I am looking to switch to windon leaders for trolling and was wondering what others recommend. I want the setup to be diverse enough for yft, marlin, mahi, etc. We are planning a trip out to independence hub for memorial day weekend and want to be prepared for everything from mahi to large blues. We have 30s, 50s, and 80s with 30lb, 50lb, and 80lb, mono topshots. I was thinking about the following:

10ft double line
20ft 250lb windon
300lb ball bearing swivel
10ft 250lb-400lb leader

Thoughts?


----------



## Chris V (Oct 18, 2007)

If you want to stay IGFA compliant, you'll need to change the lengths a bit. A long fight with a fish WILL stretch lines and leaders and will put the above-described leader setup above the current 40ft max for double line/leader total.

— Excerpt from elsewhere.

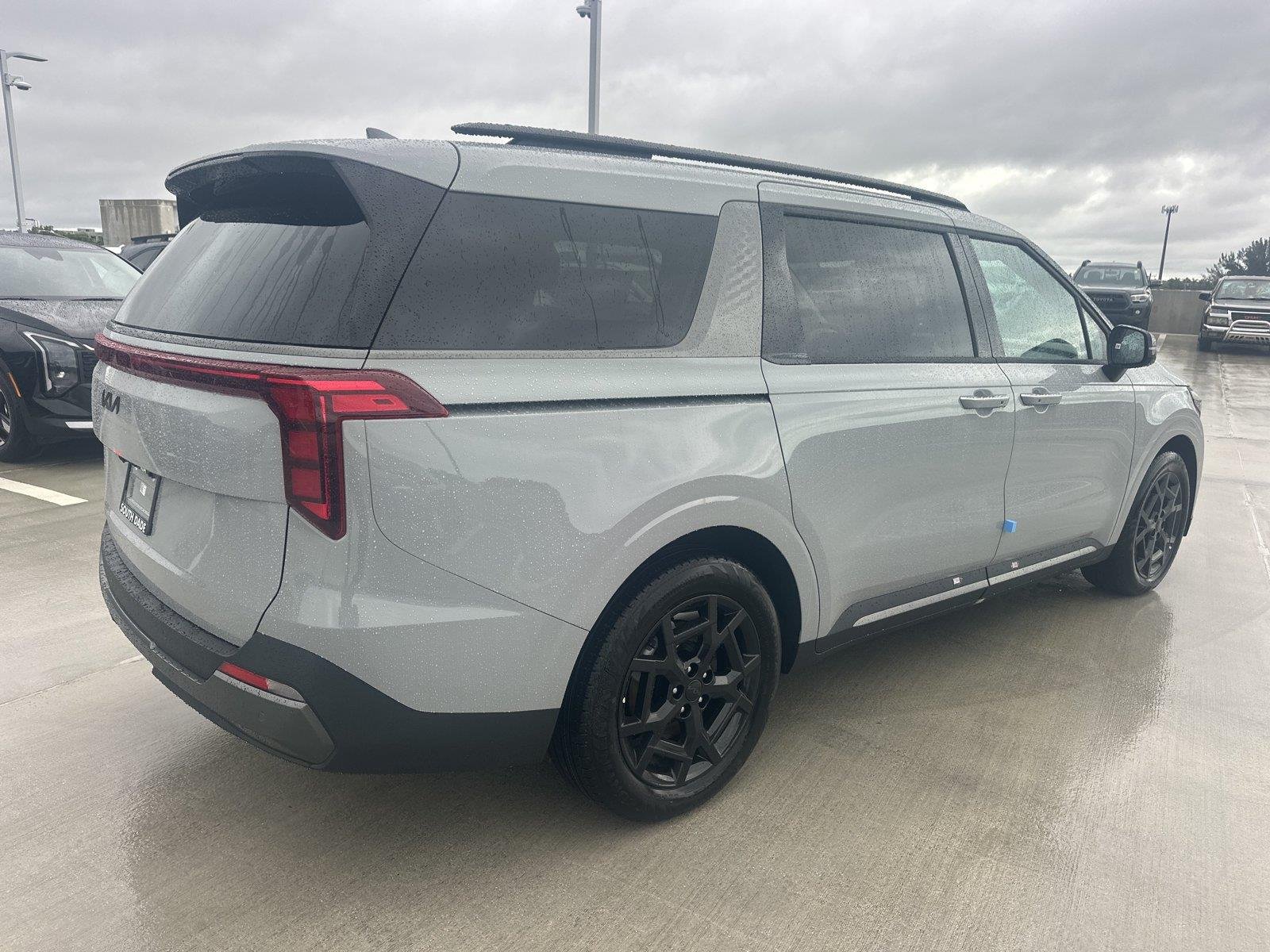 New 2027 Ceramic Silver Kia EX image 4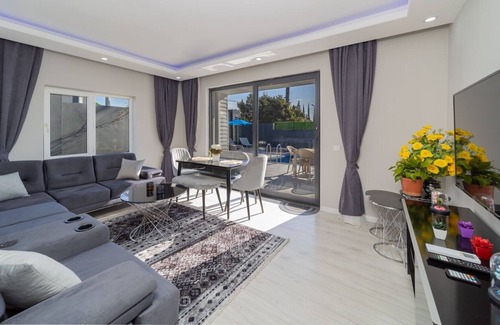 Manavgat Apartment | Inviting Villa with Pool, Steps from Beaches and Shopping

First off, make sure you have a purpose to the wind-on leader. Wind-ons are generally used for two reasons:
1) For adding max pressure on a big fish close to the boat after a couple turns of it are on the reel
2) To help eliminate the need for a wireman it at least make it a one/two wrap and done procedure.

The double line in the system is only there for the loop to loop attachment to your W/O, so a long length is obsolete. I'd keep it around 2ft total or even a little shorter. In the IGFA rule book, it states that a single component of your leader system cannot exceed 30ft. Most store bought W/Os are 25-30ft. Figure in a 10% stretch and cut them accordingly to keep you safe should you want to tournament fish. You can then make your trace leader whichever length you prefer, but bear in mind that with a shorter trace and a batshit-crazy blue marlin, your swivel has the possibility of becoming wrapped on the fish and therefore no longer serving its function. Even a modest sized blue marlin can span over 10' so I would suggest keeping your trace a minimum of 12' to keep the swivel free and clear.

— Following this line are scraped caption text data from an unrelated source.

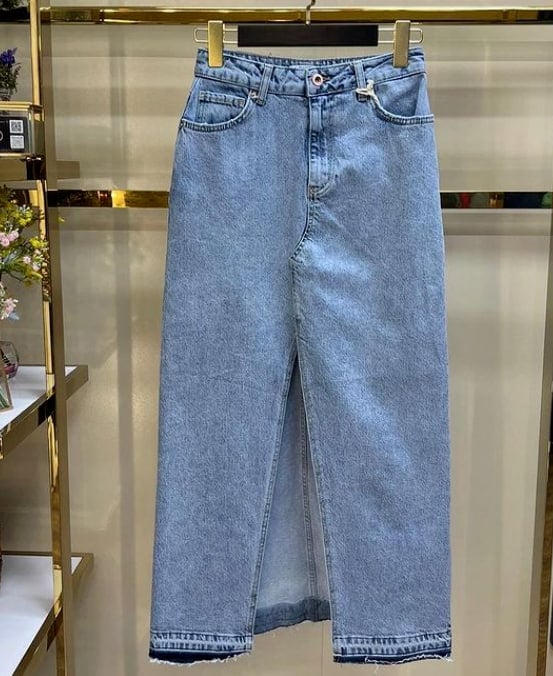 Модна джинсова спідниця 2023 Модна джинсова спідниця 2023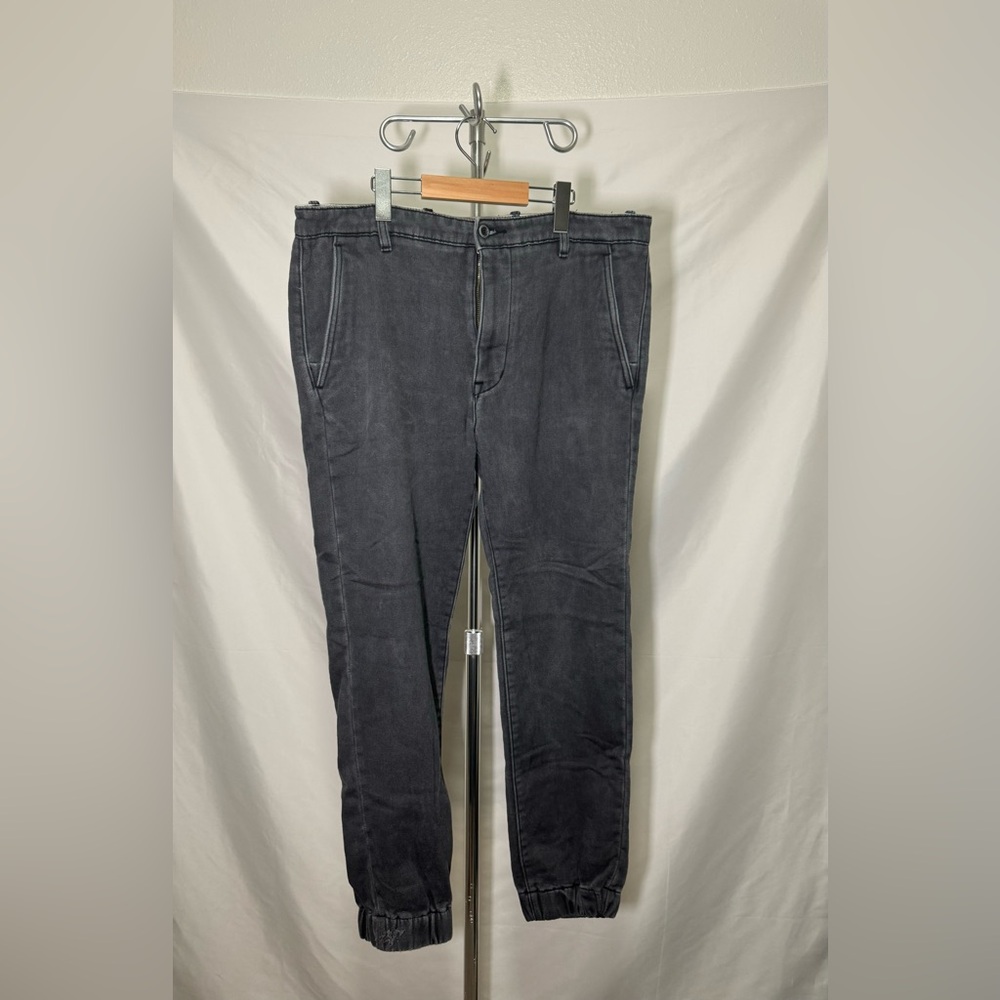 Levi’s Chino Joggers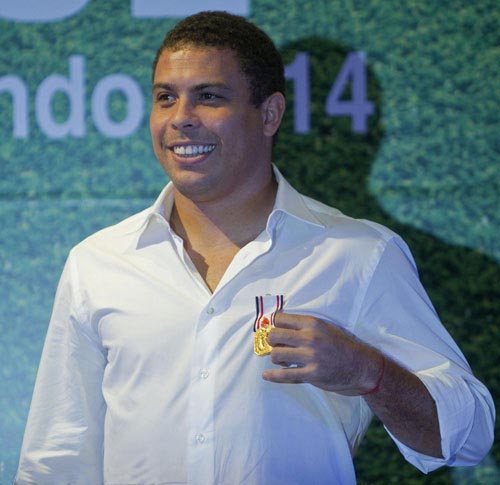 Ronaldo Receives Medal for Sports Merit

If it were me and those were my rods, I'd set up like this:
- 100lb wind ons on the 30s
- 200lb wind ons on the 50s
- 250-300lb wind ons on the 80s

I'd use 2ft double lines, 20ft W/Os and 12ft traces. If you plan on live baiting marlin, I'd keep two of the 80s without W/Os and just go for a straight 20-25ft leader.

Just my two cents.....


----------



## Sequoiha (Sep 28, 2007)

Dang Chris, great response,, its good to know there are people on this forum that know their shit,,, thanks for sharing..


----------



## blakeb (Aug 10, 2009)

Most of the responses on this forum from Chris (and a few others) are pure gold. I have learned a ton from reading his comments. Thanks again Chris!


----------



## Chris V (Oct 18, 2007)

It's what I love guys. Good luck!


----------



## Scruggspc (Mar 20, 2013)

blakeb said:


> Most of the responses on this forum from Chris (and a few others) are pure gold. I have learned a ton from reading his comments. Thanks again Chris!


I agree Chris knows his stuff. My dad told me not long ago when I was aquiring about some different techniques offshore he said if you want to anything about anything in the Gulf of Mexico call Chris at SAMs. Not only does he know his stuff he is a super nice guy to talk to.


----------